本判決の要旨は、本件訴訟の原告は、提訴当時から「国家としての中国」(中国国家)であると断じ、この中国国家は提訴当時、中華民国政府により代表されていたところ、同政府はいわゆる日中共同声明(日本政府と中華人民共和国政府の共同声明)により「中国国家」の正当な代表権限を失った、とするところにある。
しかし、「中国」(英語ではChina)が一つの「文明圏」であることは疑いないが、「国家」として近・現代史に登場するのは、清国であり、中華民国であり、また中華人民共和国であり、「中国」という国家は未だかつて存在したことがない。加えて、「中国という文明圏」において、清国等の国家が統治する地域は、時代によって異なっており、全く同一の国家が存在していないことは、公知の事実であるにもかかわらず、本判決はこの事実を無視している。
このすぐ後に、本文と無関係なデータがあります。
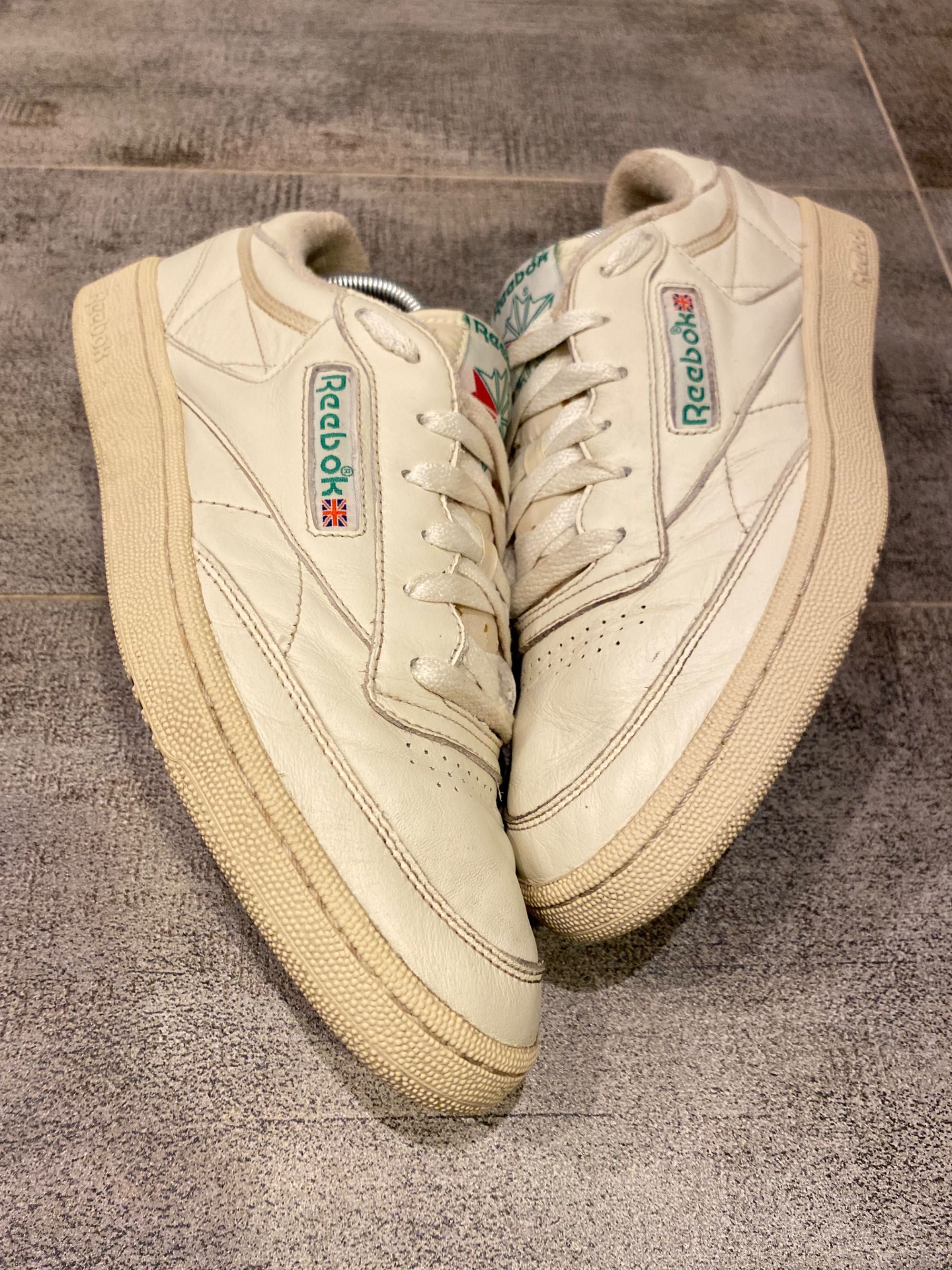 Reebok Classic 43 r 28 cm Vintage C 85 buty spotrowe skòrzane retro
過去、中華民国も中華人民共和国も、自己が現実に統治する地域に限定されることなく、中国という文明圏全体をその統治下においているという主張をしていた時期があったり、その主張を続けたりしているが、そのような主張の存在をもって、「中国」という国家が存在することの根拠にはできない。
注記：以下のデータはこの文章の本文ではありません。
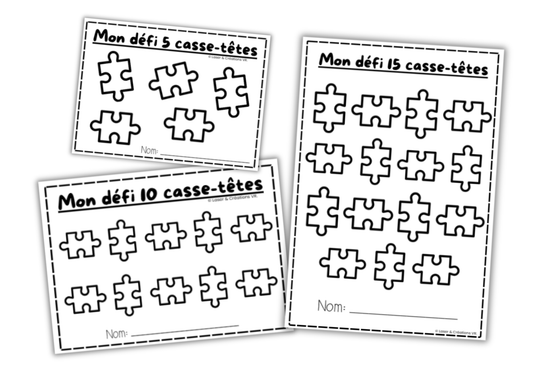 PDF - Défi casse-têtes
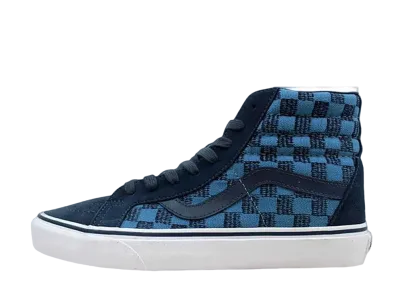 Vans Sk8-Hi Reissue Stitch Checkers "Blue Mi"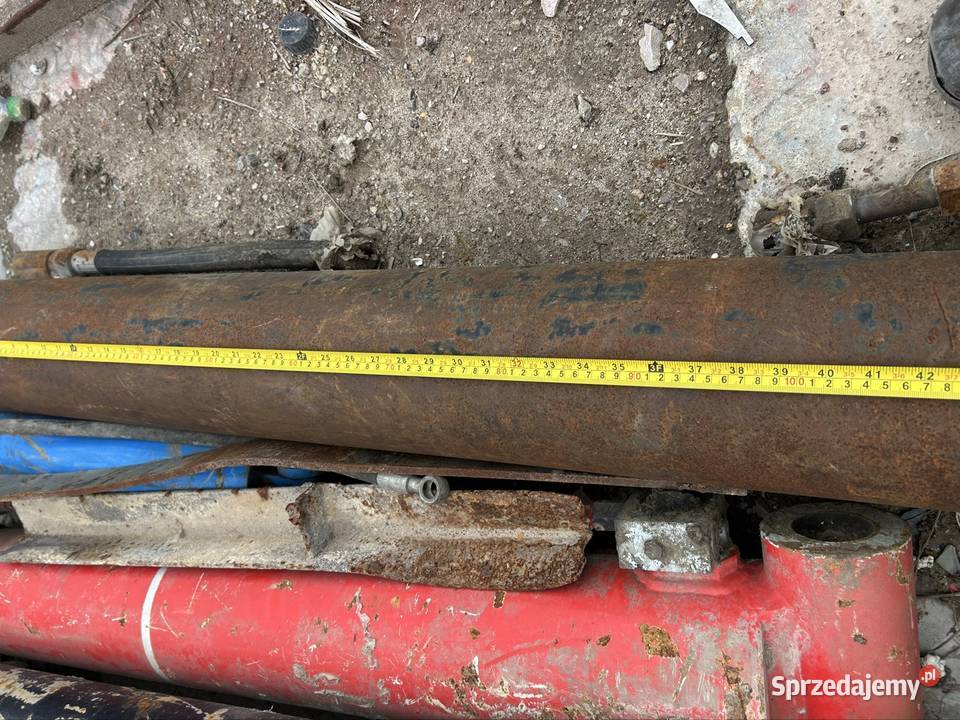 Siłownik Hydrauliczny 100 mm sprzedam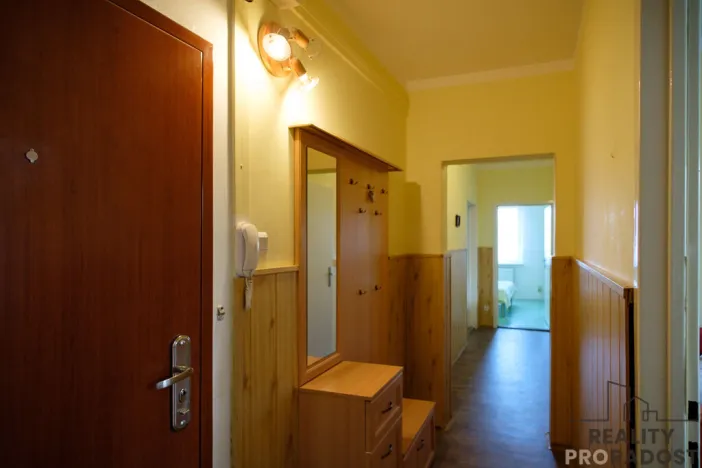Pronájem bytu 3+1, Olomouc - Nová Ulice, Jílová, 70 m2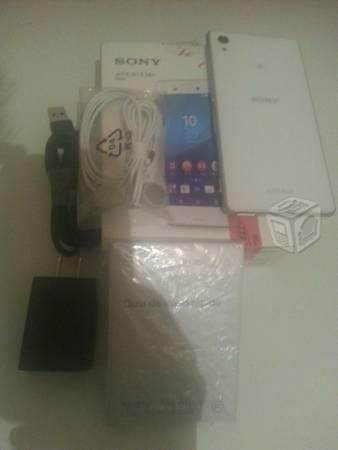 Sony Xperia M4 aqua NUEVO 16GB blanco At&t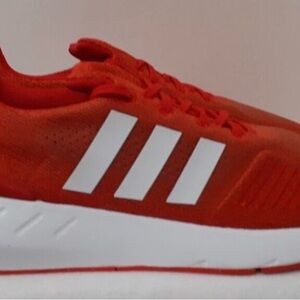 Adidas Original Swift Run 22 Men’s Vivid Red/White Sz 7.5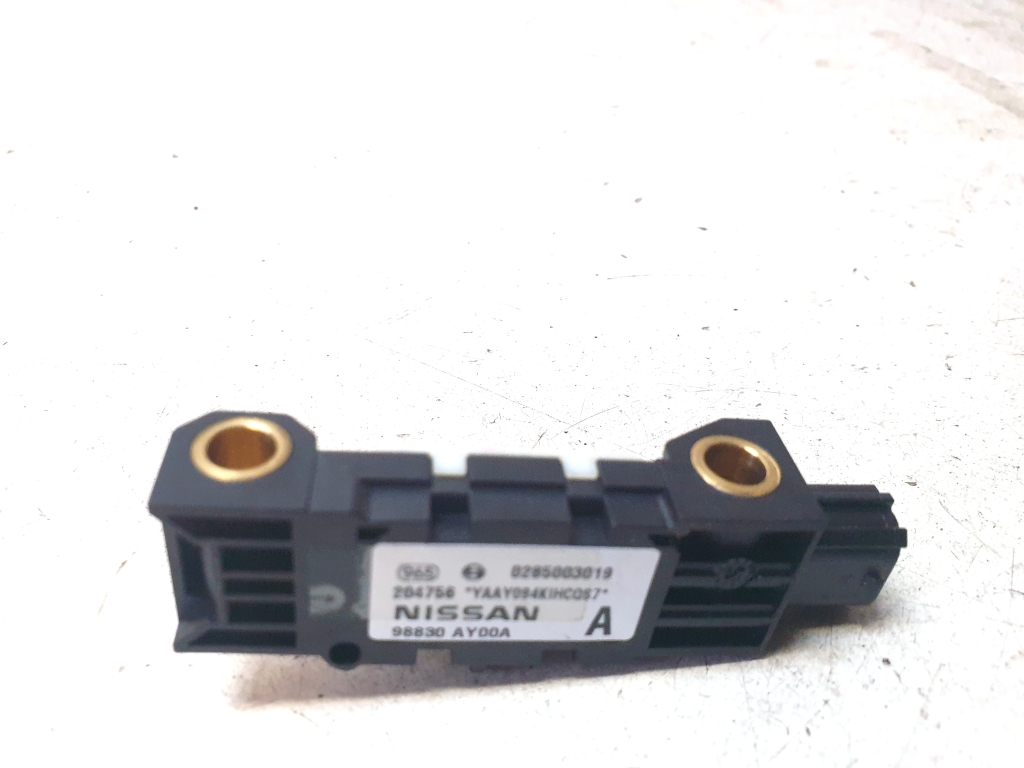 NISSAN Micra K12 (2002–2010) Airbagsensor 98830AY00A NISSAN Micra K12 (2002–2010) Airbagsensor 98830AY00A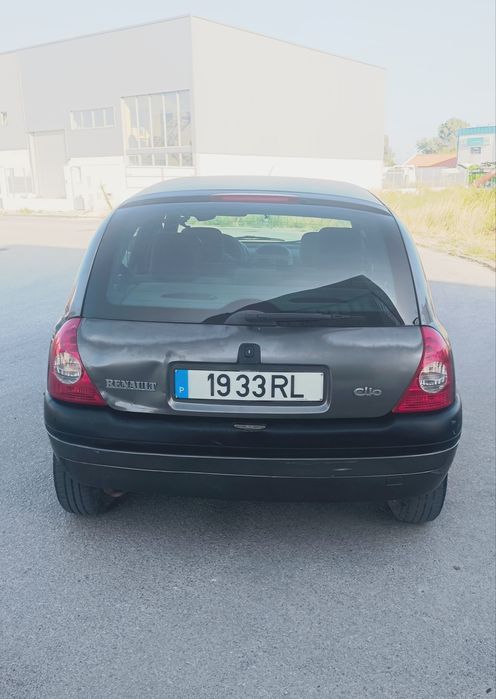 Renault Clio 1.2 RN gasolina 2001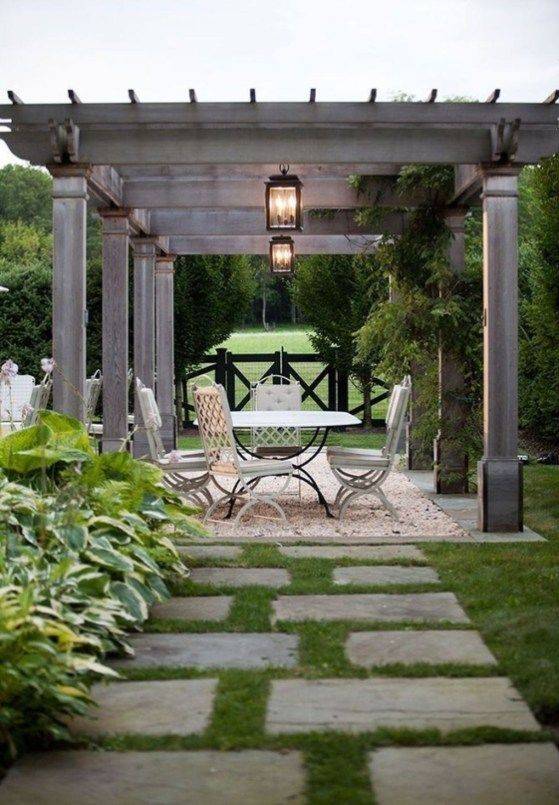 Outdoor Dining Area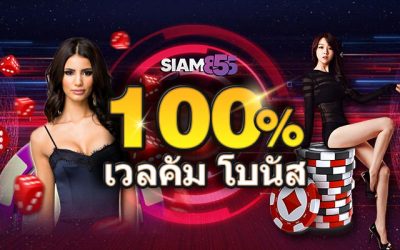 สมาชิกใหม่ ฝากรับ 100% คาสิโนสด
現に、日本政府も、昭和27年の日華平和条約締結の際には、その適用範囲を事実上、台湾及び周辺諸島とし、また、昭和47年の共同声明の際には、台湾が中華人民共和国に帰属するという中華人民共和国政府の主張を単に尊重する、という立場にとどめたのであって、中国という文明圏全体を統治する国家が現実に存在するとの認識を示していない。
また、国家の成立要件として領土・住民・政府を挙げるのが伝統的な国際法の理解であるが、最高裁は、「中国国家」とは、どの範囲の領土を有し、いかなる住民を擁していると認識しているのか、本判決上からはまったく理解できない。台湾に居住する住民の利益が中華人民共和国政府によって代表されていないことは公知の事実であるが、最高裁がその事実を本判決の際に考慮した形跡は、本判決書のどこにも見当たらない。
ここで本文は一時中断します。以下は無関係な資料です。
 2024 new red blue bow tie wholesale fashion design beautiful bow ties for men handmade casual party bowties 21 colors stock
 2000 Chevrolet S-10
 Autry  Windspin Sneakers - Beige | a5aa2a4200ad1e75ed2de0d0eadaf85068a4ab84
本判決は、上記のような歴史的事実関係を無視し、日本政府が歴史的に示してきた認識、あるいはこれを示さない政治的な配慮まで踏み越えて、国際法上の国家概念についても反する「国家としての中国(中国国家)」なる虚像を創出した誤りを犯している。
本判決が誤った非常識な結論に到達したことは、本判決が被上告人の表示につき「旧中華民国 現中華人民共和国」という肩書を添えて、「被上告人 中国」としたことに端的に現れている。中華民国は、現在も24か国との間で正式な国交を有している。中華人民共和国政府も自らの国家の正式名称を「中華人民共和国」としており、「中国」とは名乗っていない。本判決の被上告人に関する表示は、本訴訟の当事者として「中国国家」なるものを創出したことの自縄自縛の帰結と評価するほかない。
そもそも本件は、中華人民共和国が成立した後である昭和27年に台湾(中華民国)がその経済的負担のもとに購入した不動産の所有権を根拠にして不法占拠者に明渡しを求めている事件である。台湾住民が、人民自決権の行使の結果として自らの代表である台湾(中華民国)政府を通して本件不動産を購入し、かつ不法占拠者に裁判上の権利を誠実に行使してきたにもかかわらず、今回の判決はその所有関係の実体を直視せず、誤った観念的な「中国国家」像を前提にして台湾住民の権利行使を許さないとした。本判決は、本件不動産の所有権の帰属について何ら具体的な判断を示さないままに形式的な処理をするに止まり、事案の真の解決になんら益するところがない。
このように本判決は、提訴後40年、上告からも20年を経過した本件の処理につき、私的紛争の終局解決を本旨とする司法の最高機関がその本来の役割を果たしたものと到底いえないことは明らかであって、遺憾の極みである。